- Opening Delimiter -
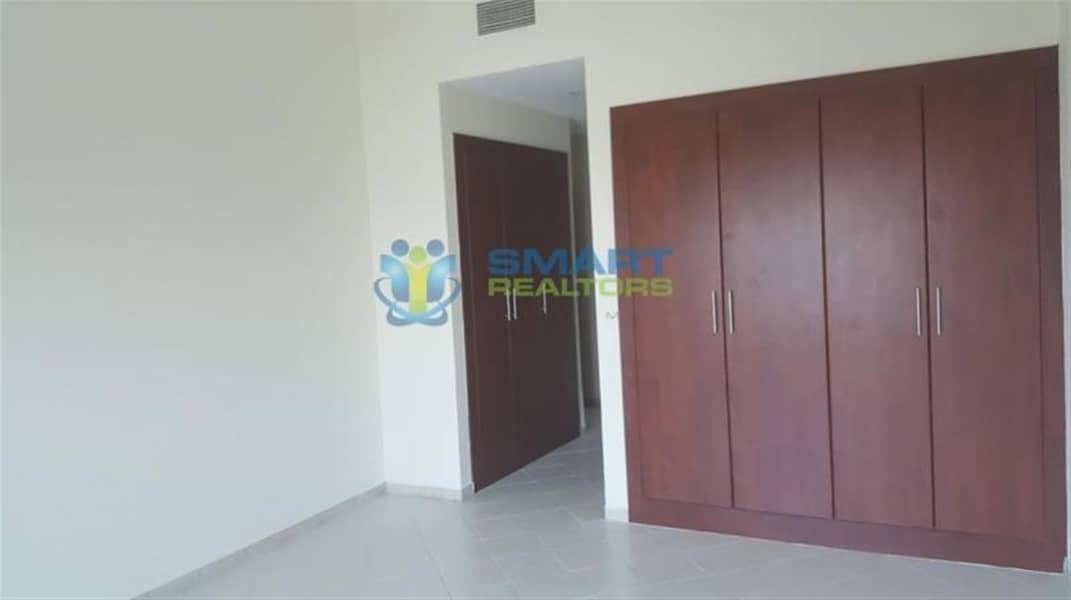Very Well Maintained chiller free 2 BR Apartment in Jumeirah Very Well Maintained chiller free 2 BR Apartment in Jumeirah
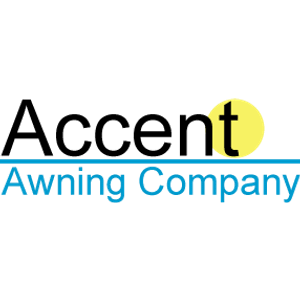 Accent Awning Company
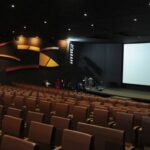 Brasília recebe a 14ª Mostra de Cinema e Direitos Humanos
- Closing Delimiter -
Extract the lines beginning with the one that contains "Accent Awning Company" and ending with the last line of the listing. Keep them exact and drop the pictures.

 Accent Awning Company
 Brasília recebe a 14ª Mostra de Cinema e Direitos Humanos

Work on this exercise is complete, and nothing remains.